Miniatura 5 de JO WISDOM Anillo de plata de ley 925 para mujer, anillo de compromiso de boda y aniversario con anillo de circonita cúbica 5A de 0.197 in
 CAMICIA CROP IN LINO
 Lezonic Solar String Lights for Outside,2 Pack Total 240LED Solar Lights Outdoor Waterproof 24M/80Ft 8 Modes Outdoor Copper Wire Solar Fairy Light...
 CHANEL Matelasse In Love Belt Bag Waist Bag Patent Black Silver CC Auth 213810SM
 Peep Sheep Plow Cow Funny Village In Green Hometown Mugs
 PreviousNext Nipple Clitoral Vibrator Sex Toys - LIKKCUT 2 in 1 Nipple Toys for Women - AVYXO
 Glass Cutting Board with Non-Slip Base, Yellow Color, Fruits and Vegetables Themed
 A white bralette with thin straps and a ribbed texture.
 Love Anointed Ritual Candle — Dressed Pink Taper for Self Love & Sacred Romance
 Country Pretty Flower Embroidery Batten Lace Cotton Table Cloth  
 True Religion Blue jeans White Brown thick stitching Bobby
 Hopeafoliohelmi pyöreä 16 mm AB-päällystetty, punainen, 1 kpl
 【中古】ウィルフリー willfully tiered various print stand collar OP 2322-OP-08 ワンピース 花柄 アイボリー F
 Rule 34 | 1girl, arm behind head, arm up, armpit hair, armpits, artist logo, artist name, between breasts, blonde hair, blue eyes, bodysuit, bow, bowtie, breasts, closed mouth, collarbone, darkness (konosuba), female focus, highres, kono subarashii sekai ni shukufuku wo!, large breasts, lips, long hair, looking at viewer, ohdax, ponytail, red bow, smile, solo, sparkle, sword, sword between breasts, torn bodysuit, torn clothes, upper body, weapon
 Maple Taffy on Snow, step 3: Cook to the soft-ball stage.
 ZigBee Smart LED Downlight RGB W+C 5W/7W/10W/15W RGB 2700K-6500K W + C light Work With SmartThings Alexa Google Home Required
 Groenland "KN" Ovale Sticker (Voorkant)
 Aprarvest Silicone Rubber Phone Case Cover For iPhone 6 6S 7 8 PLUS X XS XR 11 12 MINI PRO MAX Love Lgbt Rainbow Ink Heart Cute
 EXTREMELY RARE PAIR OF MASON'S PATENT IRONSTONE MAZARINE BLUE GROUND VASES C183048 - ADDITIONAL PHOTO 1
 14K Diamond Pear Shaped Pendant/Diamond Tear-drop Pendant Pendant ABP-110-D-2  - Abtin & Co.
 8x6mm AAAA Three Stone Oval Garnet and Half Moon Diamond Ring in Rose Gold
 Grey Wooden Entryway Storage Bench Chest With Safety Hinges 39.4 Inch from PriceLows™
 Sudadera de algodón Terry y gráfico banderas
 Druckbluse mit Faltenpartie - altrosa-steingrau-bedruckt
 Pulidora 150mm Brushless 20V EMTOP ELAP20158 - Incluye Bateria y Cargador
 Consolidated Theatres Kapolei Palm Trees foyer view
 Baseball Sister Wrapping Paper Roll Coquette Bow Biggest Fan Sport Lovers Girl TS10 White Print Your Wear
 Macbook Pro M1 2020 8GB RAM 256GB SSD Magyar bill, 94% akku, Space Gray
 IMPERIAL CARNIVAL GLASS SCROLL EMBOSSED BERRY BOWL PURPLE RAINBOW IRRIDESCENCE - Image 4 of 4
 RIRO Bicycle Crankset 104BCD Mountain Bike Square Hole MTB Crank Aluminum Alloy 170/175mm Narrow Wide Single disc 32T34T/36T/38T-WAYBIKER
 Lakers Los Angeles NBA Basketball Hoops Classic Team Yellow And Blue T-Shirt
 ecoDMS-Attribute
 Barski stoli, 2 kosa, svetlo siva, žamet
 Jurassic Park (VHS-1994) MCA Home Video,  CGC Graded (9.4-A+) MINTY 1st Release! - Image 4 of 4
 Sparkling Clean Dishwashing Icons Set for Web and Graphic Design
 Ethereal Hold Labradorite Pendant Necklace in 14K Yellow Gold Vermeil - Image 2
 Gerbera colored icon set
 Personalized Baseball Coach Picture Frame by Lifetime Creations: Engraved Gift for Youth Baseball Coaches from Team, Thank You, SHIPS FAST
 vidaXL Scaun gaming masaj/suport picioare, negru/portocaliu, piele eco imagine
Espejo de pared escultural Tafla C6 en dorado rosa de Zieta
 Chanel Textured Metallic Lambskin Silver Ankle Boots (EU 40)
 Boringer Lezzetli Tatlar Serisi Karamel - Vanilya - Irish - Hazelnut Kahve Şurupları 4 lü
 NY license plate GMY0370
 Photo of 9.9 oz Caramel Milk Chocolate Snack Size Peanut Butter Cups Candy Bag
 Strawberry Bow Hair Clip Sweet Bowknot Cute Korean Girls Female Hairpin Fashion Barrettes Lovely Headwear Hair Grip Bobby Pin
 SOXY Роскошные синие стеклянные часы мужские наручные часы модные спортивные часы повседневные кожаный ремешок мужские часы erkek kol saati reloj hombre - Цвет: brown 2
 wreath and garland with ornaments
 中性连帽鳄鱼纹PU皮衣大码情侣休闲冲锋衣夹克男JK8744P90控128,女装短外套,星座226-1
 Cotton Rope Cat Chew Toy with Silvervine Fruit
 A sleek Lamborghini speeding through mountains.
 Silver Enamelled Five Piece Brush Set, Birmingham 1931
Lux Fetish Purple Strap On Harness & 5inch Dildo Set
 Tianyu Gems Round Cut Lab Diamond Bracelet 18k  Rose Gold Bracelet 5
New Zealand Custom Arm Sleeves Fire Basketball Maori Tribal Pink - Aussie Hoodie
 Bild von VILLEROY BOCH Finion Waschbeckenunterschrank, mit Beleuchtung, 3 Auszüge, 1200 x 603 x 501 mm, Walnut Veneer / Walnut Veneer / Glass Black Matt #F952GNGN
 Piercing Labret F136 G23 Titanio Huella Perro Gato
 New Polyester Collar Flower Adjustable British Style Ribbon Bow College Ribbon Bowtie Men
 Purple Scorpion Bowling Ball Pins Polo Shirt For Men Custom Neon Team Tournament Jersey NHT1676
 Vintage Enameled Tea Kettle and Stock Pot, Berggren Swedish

###

• Your assignment:
Look through the entries above; copy each line where the string "Cotton" appears.

• Task answer:
 Country Pretty Flower Embroidery Batten Lace Cotton Table Cloth  
 Cotton Rope Cat Chew Toy with Silvervine Fruit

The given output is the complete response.